They say a penny saved is a penny earned. Over time I’ve realized this is incredibly true. For a long time I thought that I needed more money. But the truth was that I just needed to spend less and save more.
If you need money then the solution may actually be to SAVE more money.
Here are some of the ways I spent way too much money…
- $1,000/month renting my own place
- $600+ per month on restaurants/takeout
- $200+ bar tabs a few times a month
- $50-$100 bar tabs a few more times a month
- $100+ on recreational drugs each month
- $5 coffees every day
- $10 lunches every day
- $550/month car payment
- $120/month for motorcycle insurance
- $100/month average for motorcycle maintenance and related stuff
- $130/month for cable TV
There is probably more, but this is getting embarrassing.

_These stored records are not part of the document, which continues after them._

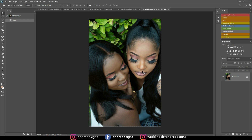Hello everyone, photographer Andre Designs here with a new retouch video. Today we almost did not get a video because I've been so busy during the week with client work. I wasn't able to do a retouch video, but today's Friday and I'm doing it. I was inspired because most of you have been asking if I only use the mixer brush with frequency separation — and the answer is yes.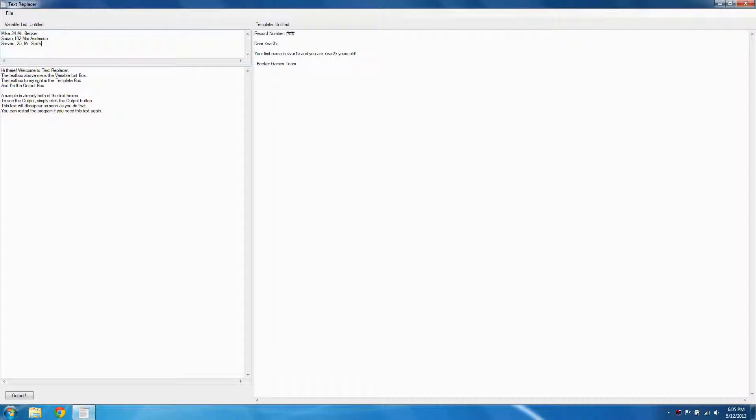As you can see here, we have a list of data separated by commas to the left, and to the right, we have a template.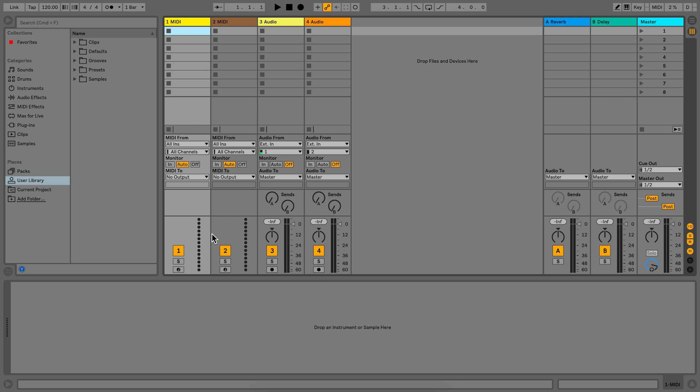Creating a default audio or MIDI track can be achieved by loading the device in the audio or MIDI track accordingly and then right-clicking to save as default.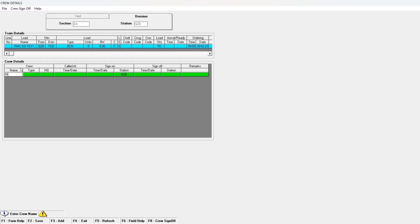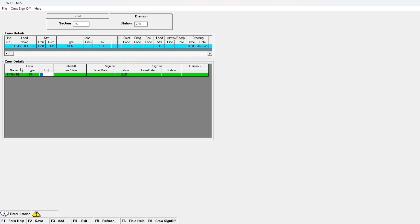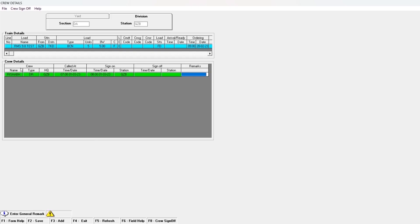Provide the following details: name, crew type, headquarters, called time and date, and sign-on time and date. Then press F2 to save the data.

As you can see I probably had about $2,000+ per month in unnecessary spending. I was young. I just got my first job. I thought that this is what people did.
Very soon though it started to catch up with me. I found myself needing more money. I thought the solution was to earn more. But I learned quickly that getting more money is not easy to do. So what did I do?!? I started to save more money.
This is how I went from over spending by $2,000 a month to saving over $2,000 a month!
Save More Money: Go From Spending To Saving
1. Splitting Rent
For any one right out of college this should be a basic way to save more money. While in college I lived with roommates and it was great. When I graduated I wanted to live alone. But honestly it wasn’t worth the extra $500/month I was spending each month. Having a roommate helped me save about $500/month in rent and other related expenses.
2. Cutting Cable
There aren’t many reasons to keep cable. It’s a huge expense that can easily be replaced with other forms. In my defence, when I graduated Netflix wasn’t as big as it is now, so it wasn’t an obvious choice to cut cable back then. After realizing how much it cost vs how little benefit it actually provided the cable package was an easy cut to make.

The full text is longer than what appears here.